We found significant correlations in the hippocampus for both PPI regressors. Thus, the functional coupling between the VTA/SN (the area encoding aRPE) and the hippocampus was significantly modulated by our models anticipation utility signal {P < 0.05, FWE small volume correction; [22, 32, 6], t = 3.89; Fig. 5A (46)}. In addition, the functional coupling between the vmPFC and the hippocampus (47) was significantly modulated by our models aRPE signal {P < 0.05, FWE small volume correction; [30, 34, 6], t = 3.70; Fig. 5B (46)}. We also performed a conjunction analysis to see whether the two regions that are correlated with two PPI regressors overlapped. However, we found null results, suggesting that coupling to the VTA/SN and to the vmPFC may be mediated by different subregions in the hippocampus.

(A) Functional coupling between the VTA/SN and the hippocampus is positively modulated by the models anticipation utility signal [P < 0.05, FWE small volume correction (46)]. PPI regressor: BOLD signal in VTA/SN modulated by models anticipation utility signal. (B) Functional coupling between the vmPFC and the hippocampus is positively modulated by the models aRPE signal [P < 0.05 FWE small volume correction (46)]. PPI regressor: BOLD signal in vmPFC modulated by the models aRPE signal. (C) The functional coupling strength between the vmPFC and the hippocampus mediated by the models prediction error signal is positively correlated with the models boosting coefficient parameter estimated by the behavior of participants (r = 0.37, P < 0.05). (D) Three distinctive regions contributed to construct the anticipation utility, in a manner that is predicted by our computational model. The three-dimensional brain image was constructed by the mean T1 brain images, which were cut at y = 34 and z = 15.

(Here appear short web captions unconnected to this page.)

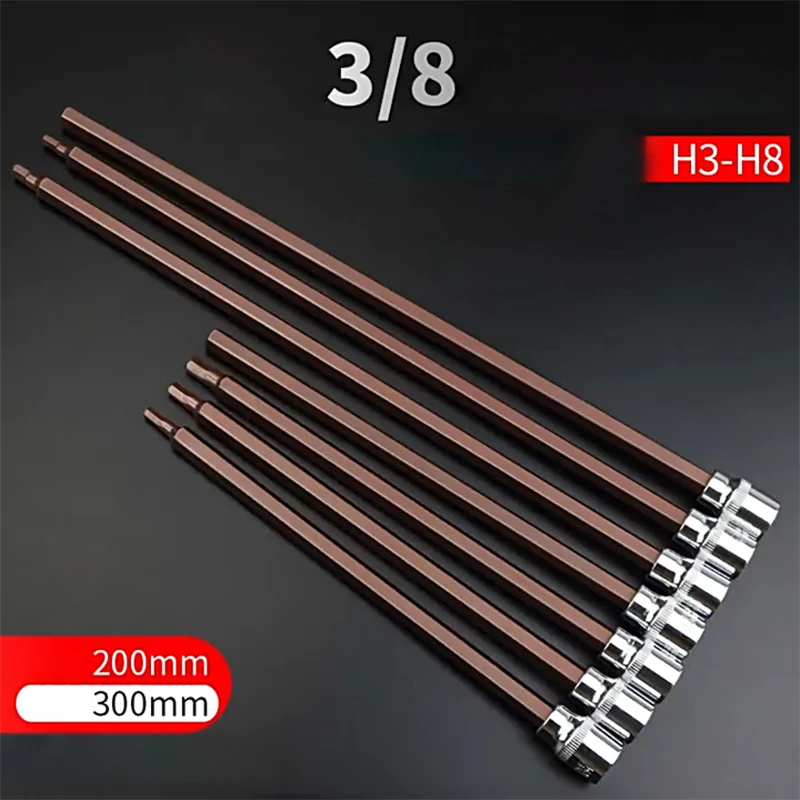 1pcs 200/300mm Extra Long 3/8 Inch Drive Hex Bit Socket H3 H4 H5 H6 H8 Screwdriver Bit Sockets Hand Tool Socket Joint Hexagonal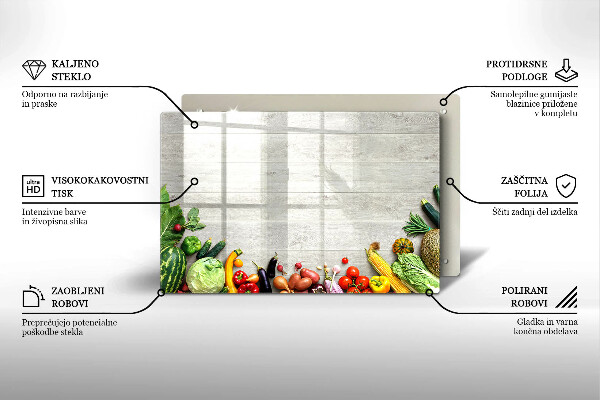 Kalené sklo za sporák Zelenina na kryte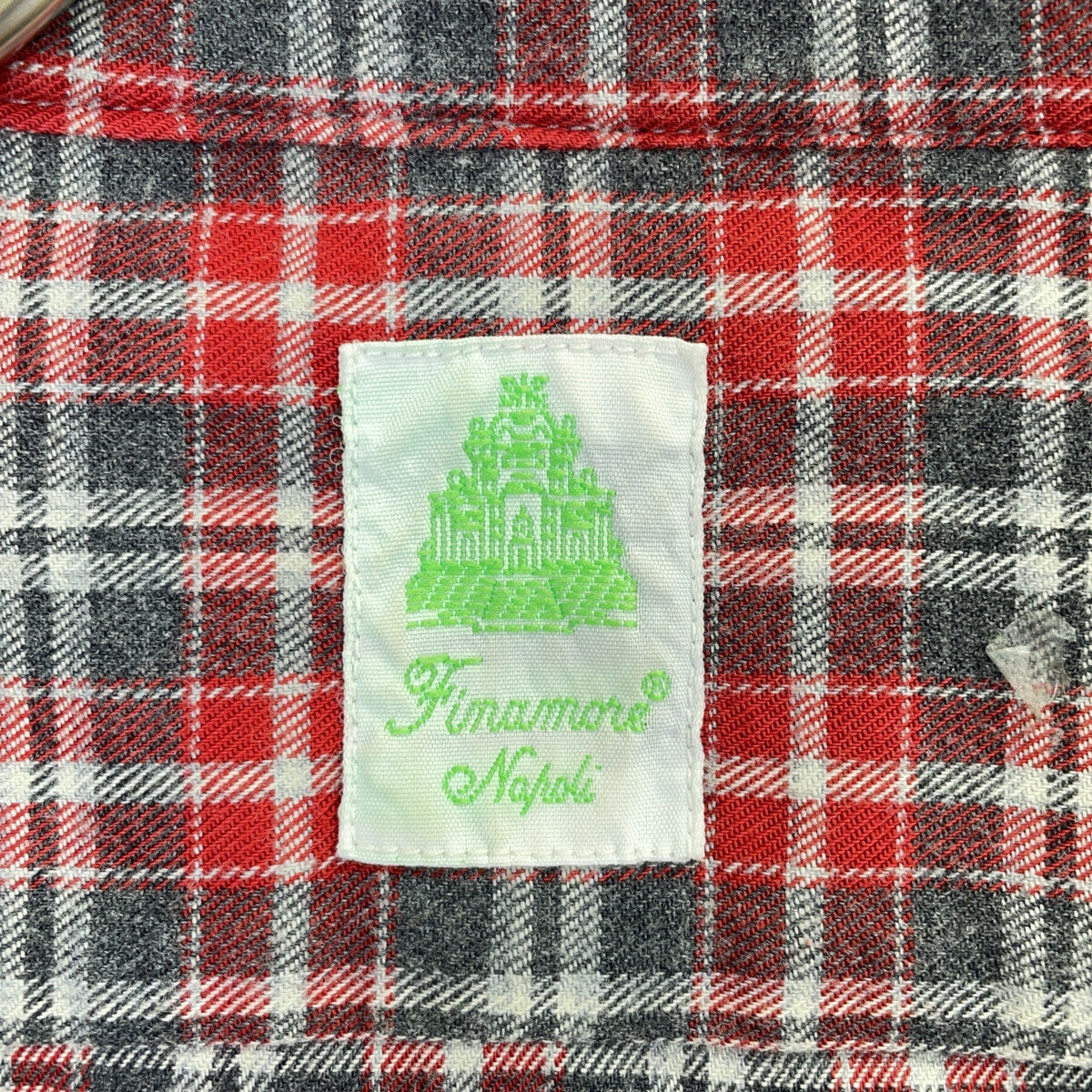finamore Red x Gray Check 100% Cotton Flannel Shirt with Gussets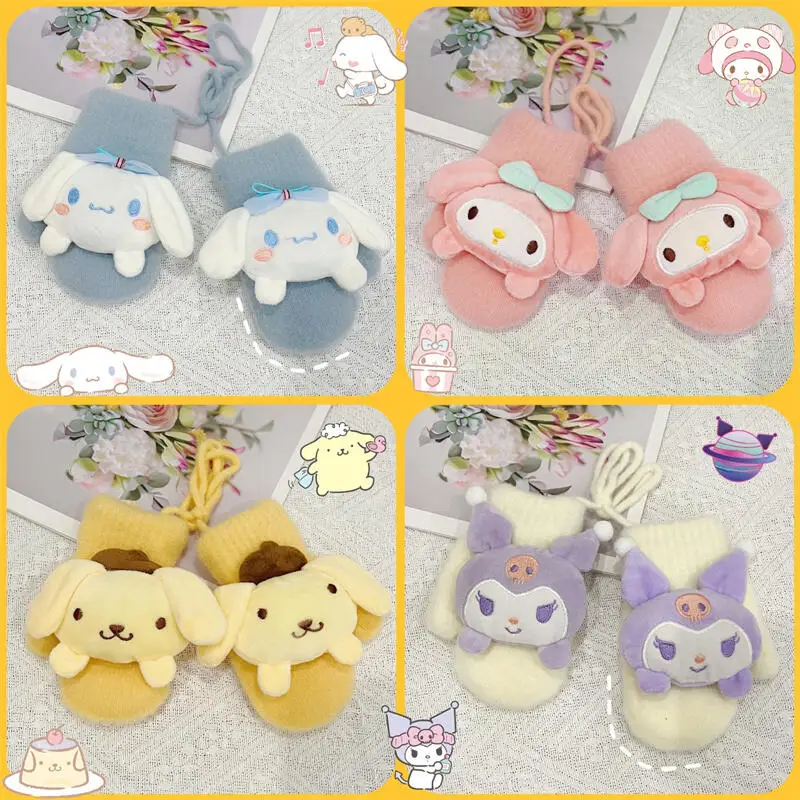 Зимние детские перчатки с длинными пальцами Sanrio, аниме Cinnamoroll Kuromi Melody, мультяшные кавайные мягкие теплые наушники для девочек, толстые варежки, От 3 до 12 лет
Зимние детские перчатки с длинными пальцами Sanrio, аниме Cinnamoroll Kuromi Melody, мультяшные кавайные мягкие теплые наушники для девочек, толстые варежки, От 3 до 12 лет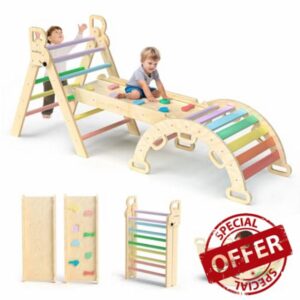 BlueWood Pikler Triangle Set 7in1 Foldable Baby Climbing Toys Wooden Montessori Climbing Set with Arch&Ramp&Ladder Baby Climber Indoor Jungle Gyms for Toddlers Montessori Toys - Rainbow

If the hippocampal-vmPFC coupling mediates our computational models boosting of anticipation, then the coupling strength that we estimated in our PPI analysis should relate to the models magnitude of boosting that we estimated from choice behavior. Our model predicts that the magnitude of boosting is linearly correlated with a parameter C, the linear boosting coefficient (Eq. 3, Fig. 5C), which we had already fit to each participant. Therefore, we tested whether the linear boosting coefficient (that we estimated from our behavioral model-fitting) and the hippocampal-vmPFC coupling strength (that we estimated from our fMRI PPI analysis) are correlated with each other. As seen in Fig. 5C, we found that these two variables estimated separately from imaging and behavioral data are positively correlated across participants. This provides further evidence supporting the idea that this three-region network is involved in our models anticipatory utility computation. We note that we z-scored aRPE so that the size of aRPE is not directly correlated with a preference of advanced information.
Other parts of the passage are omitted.